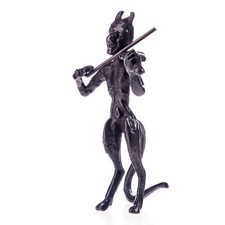 9931092 Bronzierte Kupfer-Skulptur Figur Teufel Faun mit Geige 12x8x8cm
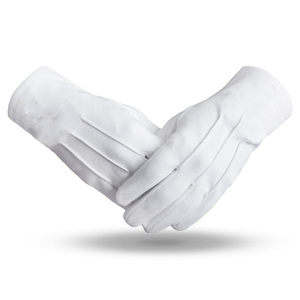 Premium Quality Customized Masonic Gloves White Cotton Solid Color Classical Style Full Finger <b>Button</b> Cuff Sew-On Embroidered - Product Image 4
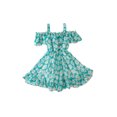 thumbnail image 1 of Xingqing 8 Colors Summer Princess Kids Girls Dress Flowers Printed Short Sleeve Off Shoulder Ruffles A-Line Chiffon Dress, 1 of 7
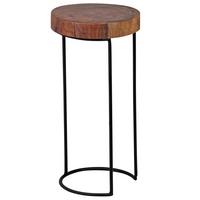 BEISTELLTISCH Massivholz Metallgestell Baumstammplatte Landhausstil INDI, Braun 28x28x55 cm - Schwarz/Braun, Holz/Metall (28/28/55cm) - KADIMA DESIGN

> Instructions to follow
Repeat the data above exactly, leaving out any pictures it holds.

> Exercise answer
 9931092 Bronzierte Kupfer-Skulptur Figur Teufel Faun mit Geige 12x8x8cm
 Premium Quality Customized Masonic Gloves White Cotton Solid Color Classical Style Full Finger <b>Button</b> Cuff Sew-On Embroidered - Product Image 4
 thumbnail image 1 of Xingqing 8 Colors Summer Princess Kids Girls Dress Flowers Printed Short Sleeve Off Shoulder Ruffles A-Line Chiffon Dress, 1 of 7
 BEISTELLTISCH Massivholz Metallgestell Baumstammplatte Landhausstil INDI, Braun 28x28x55 cm - Schwarz/Braun, Holz/Metall (28/28/55cm) - KADIMA DESIGN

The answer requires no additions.